Ten peculiar facts about Antarctica

Are you all geared up for the adventure of a lifetime to the icy southern continent? Or perhaps you are dreaming yourself onto a pioneering exploration of Antarctica, in the golden age of polar exploration?

Whether you're planning to visit Antarctica or not, these facts below are sure to fascinate.

1. The average summer temperature in Antarctica is -30°C while in the winter it is -60°C. The lowest recorded temperature is - 89.6°C. Salt water usually freezes at -2°C however Deep Lake on the continent is so salty that it cannot freeze.

2. The Dry Valleys of Antarctica are so moisture free that despite the cold, no ice or snow can form. The dusty expanses of dirt are close to the environment of Mars and so NASA did testing there for their Viking mission.

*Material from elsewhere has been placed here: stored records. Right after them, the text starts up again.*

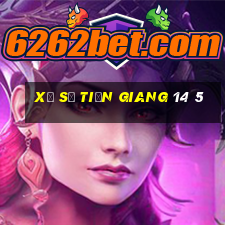 xổ số tiền giang 14 5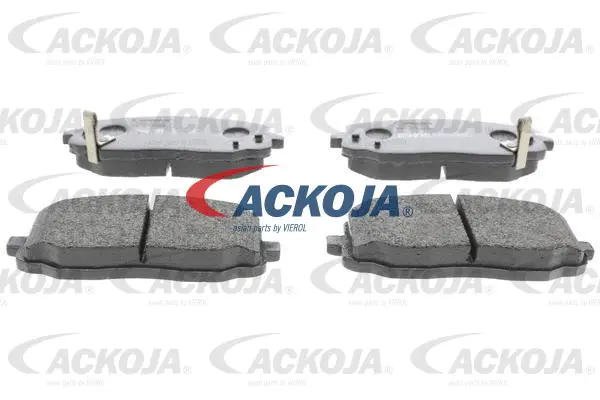 Brake Pad Set, disc brake (A52-2113)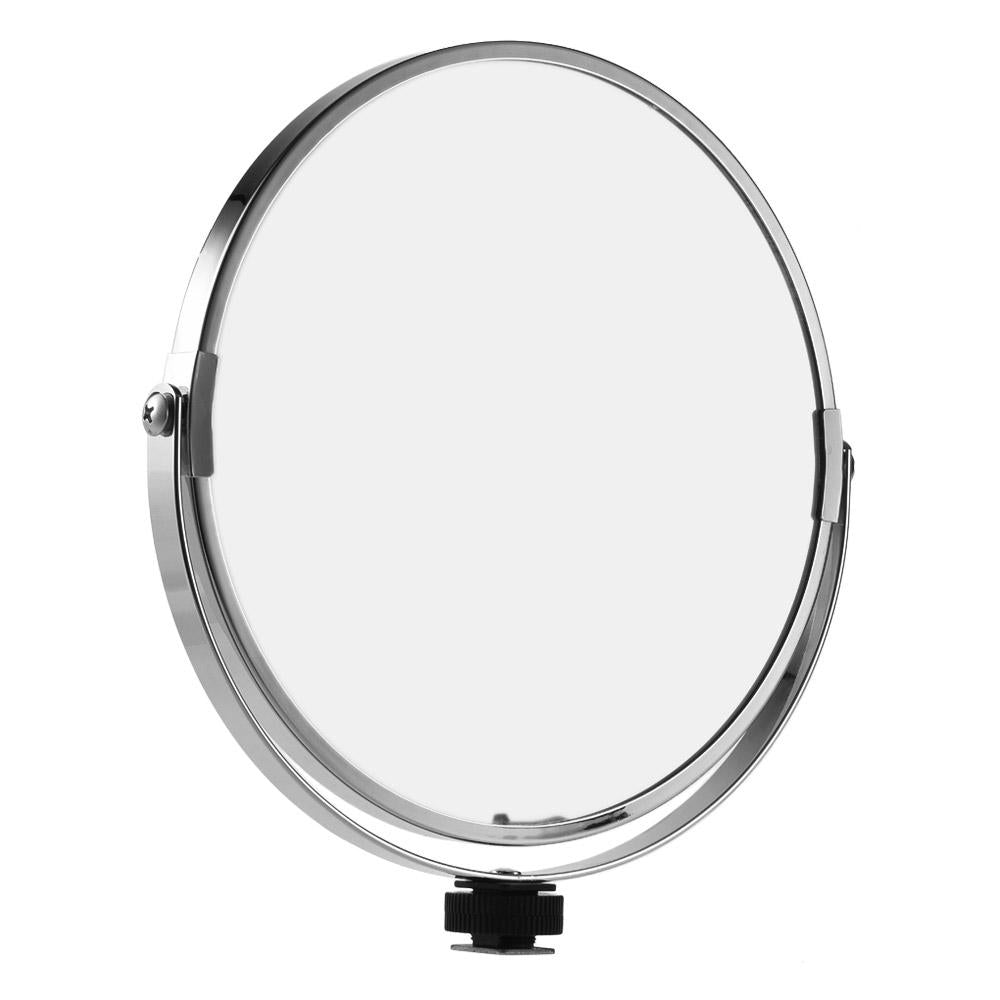 R48B 18 inches Ring Light Dual Color Tone Photographic Lighting for Photo Video Studio Vlog Beauty Photography Lamp
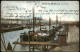 Meiderich-Beeck-Duisburg Stadtteilansichn Meiderich Schiffe Im Nord-Hafen 1910 - Duisburg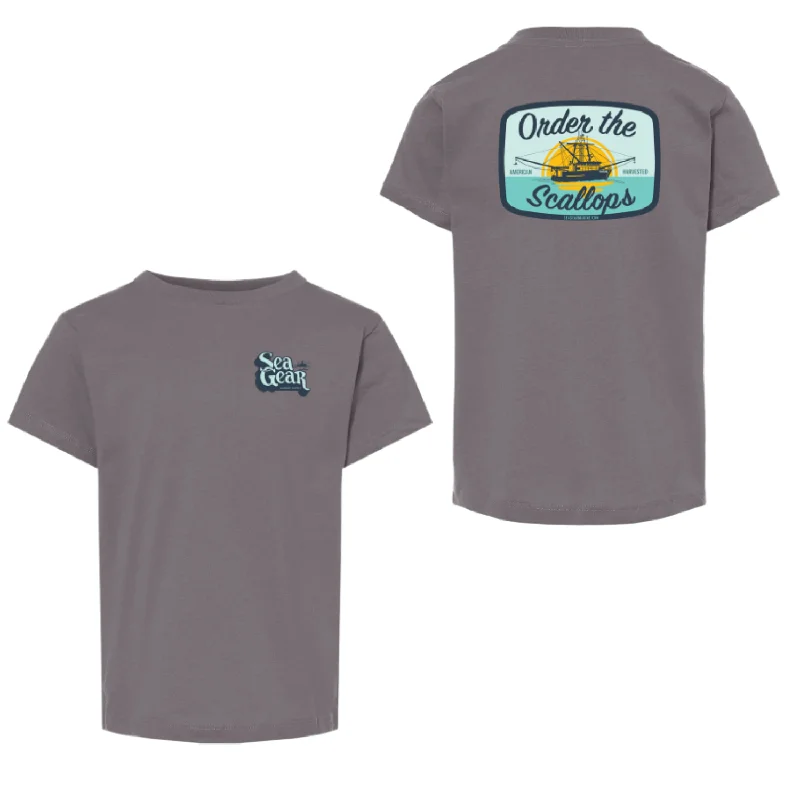 Sea Gear - Kids Order The Scallops Short Sleeve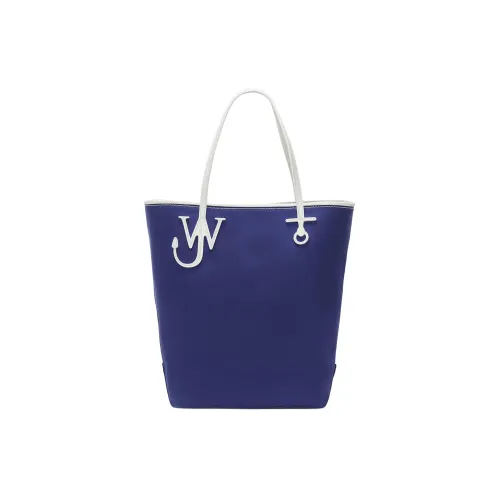 JW Anderson Tall Anchor Canvas Tote Bag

3. The ice sheet of Antarctica is up to 6km thick in places and holds 60% - 70% of the world's fresh water. If it was to melt, sea levels would rise approximately 65m the world over.

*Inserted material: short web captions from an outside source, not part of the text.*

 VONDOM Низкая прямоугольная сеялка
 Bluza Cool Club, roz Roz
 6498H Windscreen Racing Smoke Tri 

4. Despite the ice sheet, Antarctica is home to many fresh water lakes, buried deep underground. Lake Vostok is buried 4km under frozen water, one of more than 200 bodies of water discovered beneath the ice.

5. Antarctica is also home to one of the world's biggest mountain ranges, the Gamburtsev Mountains. Peaks here reach about 27,000m - that's about a third the size of Everest.

6. The most southern volcano in the world Mount Erebus, is surrounded by lava lakes which have held liquid magma for thousands of years despite the freezing temperatures.

7. The largest land animal of the continent is an insect. The wingless midge is less than 13mm long and lives around penguin colonies. There are no flying insects on the continent - with winds up to 320km p/h they would not survive!

8. Antarctica is one of the best places to find meteorites. The dark meteorites show up clearly against the white ice and snow. In fact, ice floes often encourage meteorites to gather in one place.

9. The geographic South Pole hasn't always been on Antarctica because of continental drift. Each year on New Year's Day there is a ceremony where the geographic South Pole is repositioned to compensate for  the 10m shift per year of the polar ice sheet towards the Weddell Sea.

10. There are 30 countries that man 80 research stations on the continent and in the summer there are about 4,000 people living there while in winter there are 1,000 people. In January 1979, Emile Marco Palma was the first person born on the continent and only ten other people have been born there since.